Stocks opened lower this morning (Dow -27 pts; SPX -.15%). Leading the market lower are banks, biotechs, and REITs. Energy stocks are also lower in early trading as oil prices dip. The VIX Index is actually a little as well, trading around 12.2. Remember, traders are watching this fear gauge, which is expected to rise as the Trump Rally fades. WTI crude oil is recovering some of yesterday’s lost ground to trade up around $51.50/barrel. Bonds are selling of as rates rise. So after a month-long pause, perhaps interest rates are headed higher again. The 5-year Treasury yield is up around 1.97% and the 10-year is trading at 2.47%. So don’t miss the fact that today bonds and stocks and gold are all trading lower.
Famed investor Jim Paulsen—of Wells Capital Management—says 2017 reminds him of 1987. We’re seeing a turn in the economy from slow growth to higher growth. And we’re finally seeing the return of “animal spirits” in the stock market. He believes bond yields will back up more, and the stock market will move higher in the near term.
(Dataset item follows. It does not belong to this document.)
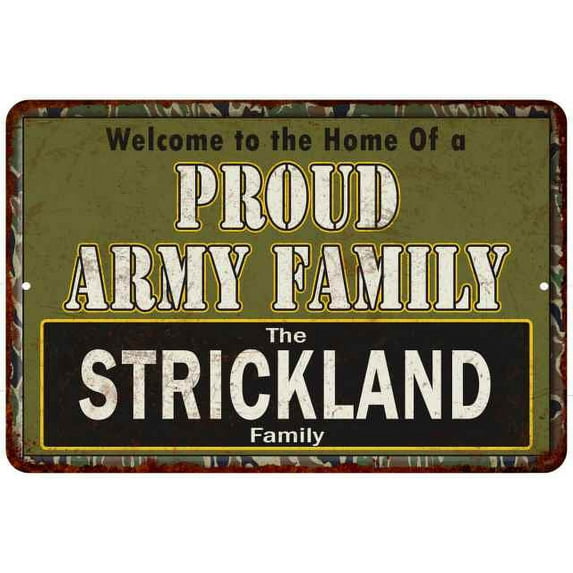 Strickland Proud Army Family Gift 8x12 Metal Sign 208120023456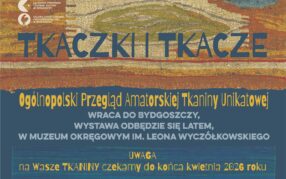 XXII Ogólnopolski Przegląd Amatorskiej Tkaniny Unikatowej — ważne informacje!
But that obviously makes it vulnerable to another correction.
Long time equity strategist Tom Lee of Fundstrat just changed his stance to neutral on the market. He’s been consistently bullish for quite a while. He says Trump will have trouble passing his pro-growth policies and investors will be disappointed. He also worries about further strengthening of the dollar and even excessive tightening by the Fed. He expects a zero return for stocks in 2017. He advises investors to focus on CRAP (computers, resources, American banks and phone companies). Value will win over growth; small-cap over large-caps.
Business & consumer sentiment gauges are generally pointing higher in recent days. The Philadelphia Federal Reserve’s Business Outlook survey jumped to 23.6 this month from 21.5 last month. That’s the highest since December 2014. Bloomberg’s Economic Expectations Diffusion Index just reached a post-recession high. In fact, the index suggests that consumers are more upbeat about the economy than at any time in nearly 15 years. And finally, NFIB’s Small Business Optimism Index just hit a 12-year high. So it’s interesting that the American Assn. of Individual Investors’ (AAII) Bullish Sentiment Index is falling. Whereas 50% of respondents felt bullish about the stock market back in November, the index has fallen to just 37% on the eve of the inauguration. I think it’s safe to say skepticism is creeping back in among retail and institutional investors alike.